» Problem: Using the listing below, set down exactly the lines from the one that contains "istock Man Surfing" through the one that contains "90s era mini", with no pictures.

» Available data:
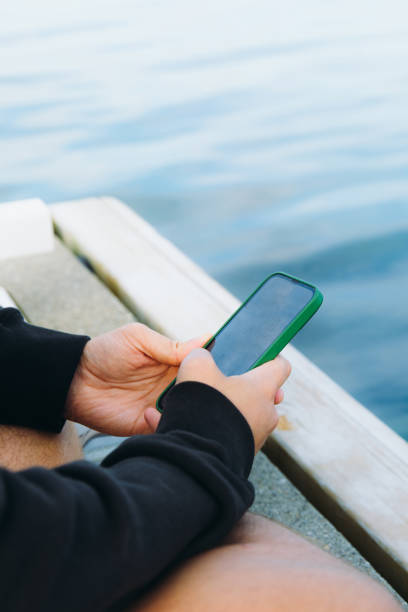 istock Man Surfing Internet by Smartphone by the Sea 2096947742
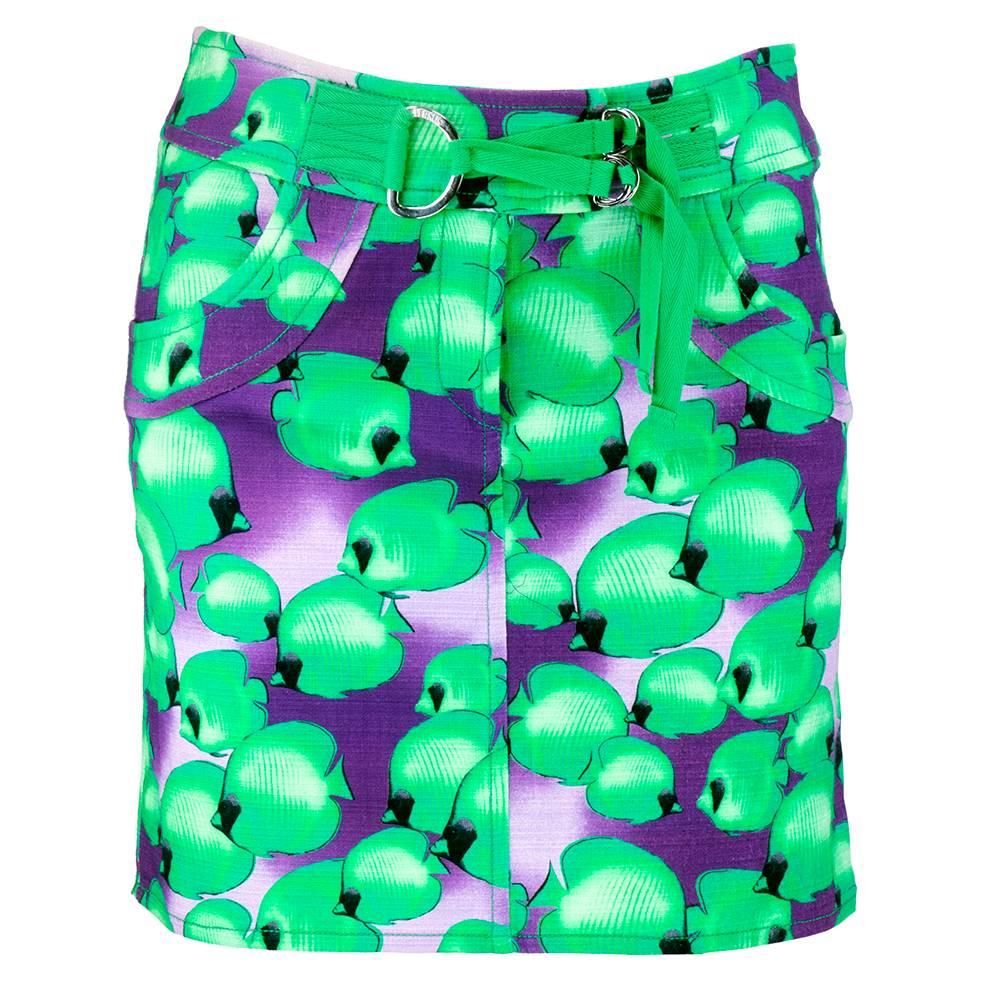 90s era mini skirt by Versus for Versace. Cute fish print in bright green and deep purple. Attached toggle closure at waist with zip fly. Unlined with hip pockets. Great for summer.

...

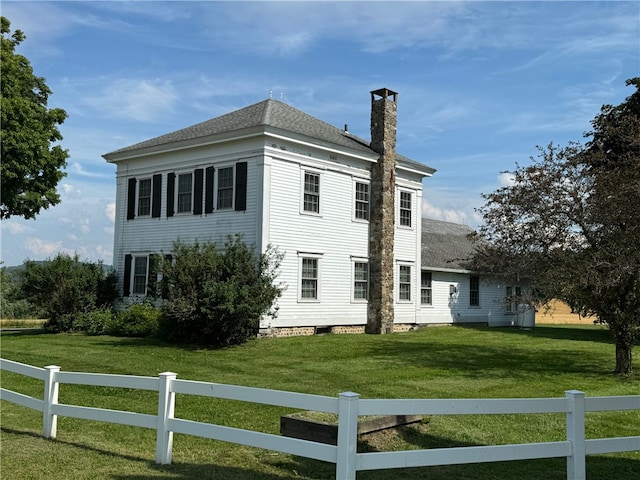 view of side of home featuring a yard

» Response below:
 istock Man Surfing Internet by Smartphone by the Sea 2096947742
 90s era mini skirt by Versus for Versace. Cute fish print in bright green and deep purple. Attached toggle closure at waist with zip fly. Unlined with hip pockets. Great for summer.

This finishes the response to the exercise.